Una mossa il cui solo annuncio ha riportato a galla uno dei punti – il futuro assetto politico della Striscia – di maggiore disaccordo tra il premier israeliano e l’amministrazione di Joe Biden. Tanto da suscitare subito il fuoco di sbarramento da parte di Israele, secondo cui l’intesa di Pechino ha rivelato «la vera faccia» del presidente palestinese Abu Mazen.

Hamas ha rivendicato l’accordo con le altre fazioni palestinesi come un passo importante per centrare «l’unità nazionale», anche con i rivali di Fatah. Mussa Abu Marzuk, esponente di spicco della fazione islamica, ha sostenuto che con la Dichiarazione di Pechino è stato firmato «un accordo per l’unità nazionale». «Ci impegniamo per perseguirla e – ha insistito – la chiediamo». Ora si tratta di vedere se l’accordo avrà applicazione reale: non è infatti la prima volta che le fazioni palestinesi, nel corso degli anni, hanno annunciato di aver raggiunto un’intesa che poi non si è mai concretizzata o è naufragata davanti alle difficoltà proprio su Gaza.

«Invece di respingere il terrorismo – ha tuonato il ministro degli Esteri israeliano Israel Katz, fedele alleato di Netanyahu – Mahmoud Abbas (Abu Mazen, ndr) abbraccia gli assassini e gli stupratori di Hamas, rivelando la sua vera faccia. In realtà, questo non avverrà perché il governo di Hamas sarà annientato e Abbas vedrà Gaza da lontano. La sicurezza di Israele resterà solo in mani israeliane».
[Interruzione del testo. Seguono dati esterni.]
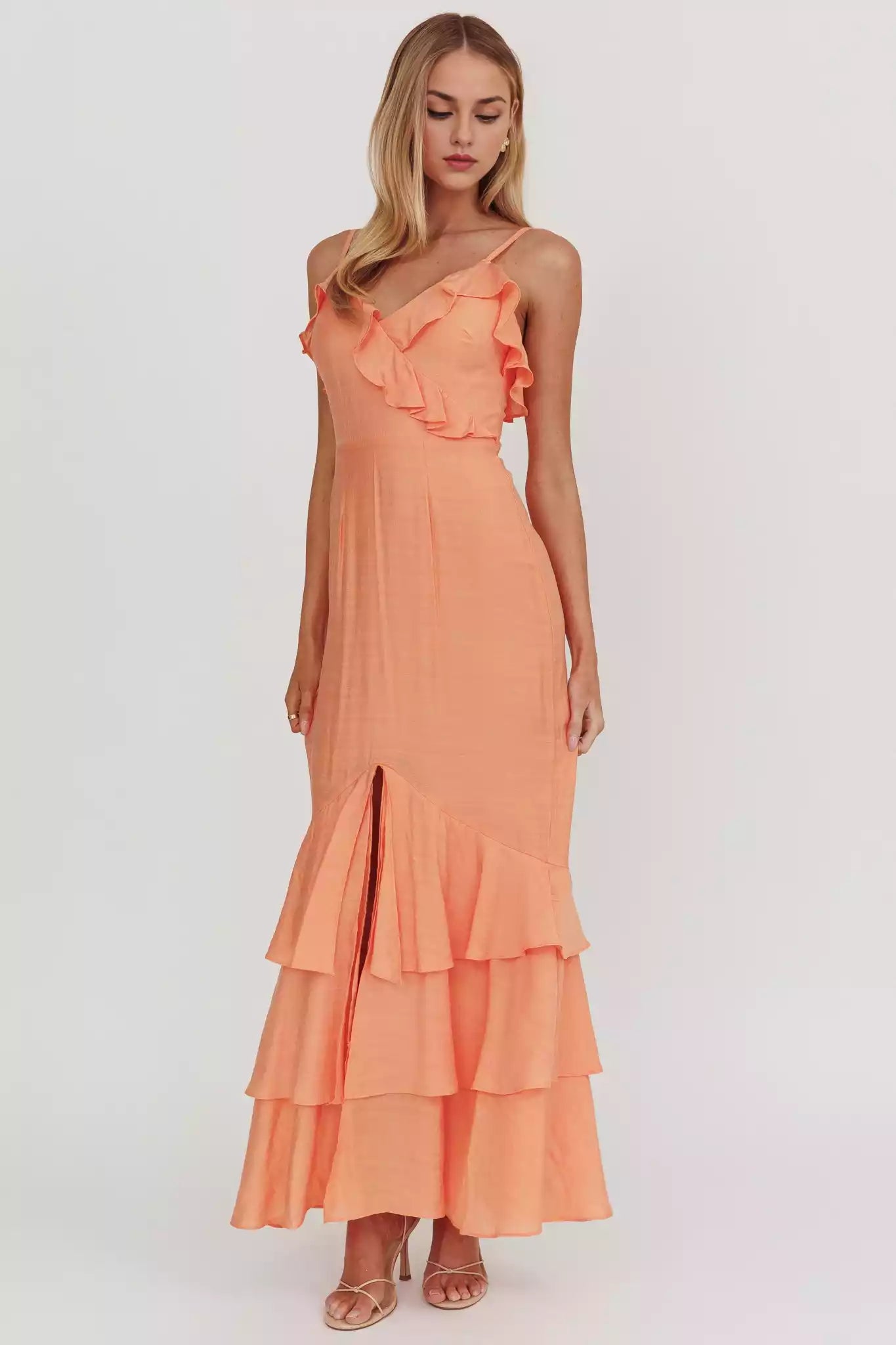 Beautiful adjustable camisole lining with ruffle details, front slit and back with zipper Prom Dresses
Quello della sicurezza, secondo i media, sarà uno dei temi dell’intervento del premier al Congresso, oltre la difesa a spada tratta della fondatezza della guerra a Gaza, della necessità della vittoria totale su Hamas, della liberazione degli ostaggi (tra cui anche alcuni cittadini Usa) e del pericolo Iran, perno «dell’asse del male». Netanyahu a Capitol Hill si farà forte anche della decisione di aver inviato una delegazione israeliana ai negoziati che riprendono giovedì a Doha per un nuovo cessate il fuoco a Gaza. «Le condizioni per liberare gli ostaggi a Gaza stanno maturando», ha detto Bibi, e «questo si deve alla fortissima pressione esercitata su Hamas da Israele. Credo – ha proseguito – che se continuiamo così potremo raggiungere un accordo».
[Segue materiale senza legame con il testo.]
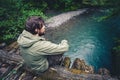 Man Traveler relaxing on wooden bridge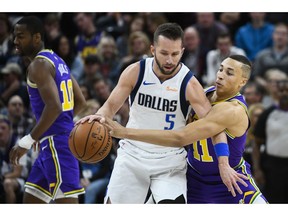 Utah Jazz guard Dante Exum (11) guards Dallas Mavericks guard J.J. Barea (5) during the first half of an NBA basketball game Wednesday, Nov. 7, 2018, in Salt Lake City.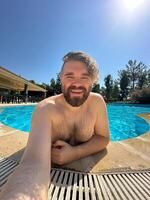 Millennial man taking selfie by swimming pool. Vibrant blue water and relaxed setting create a perfect atmosphere for summer fun. Holidays and vacation concept photo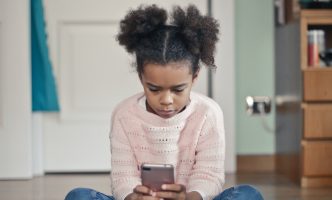 Young girl sits in her house and plays on a smartphone.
Non a caso Netanyahu ha portato con sè a Washington famiglie dei rapiti e anche ex ostaggi come Noa Argamani, la ragazza liberata da un blitz dell’Idf poche settimane fa. Che, tuttavia, non ha esitato a ricordare al premier che «gli ostaggi vanno liberati adesso. Non voglio entrare in un dibattito politico ma stanno soffrendo e morendo lì. Dobbiamo riportarli indietro il prima possibile».

In serata Donald Trump ha annunciato che riceverà il premier israeliano domani in Florida, insolitamente prima quindi che Netanyahu veda il presidente in carica Joe Biden e la sua vice Kamala Harris: con loro l’appuntamento è fissato solo per giovedì o addirittura venerdì mattina. «Sono lieto di ricevere Bibi a Mar-a-Lago domani. Durante il mio primo mandato avevamo pace e stabilità nell’area. E l’avremo ancora», ha scritto su Truth l’ex presidente, con cui Netanyahu ha molto più feeling rispetto all’amministrazione dem.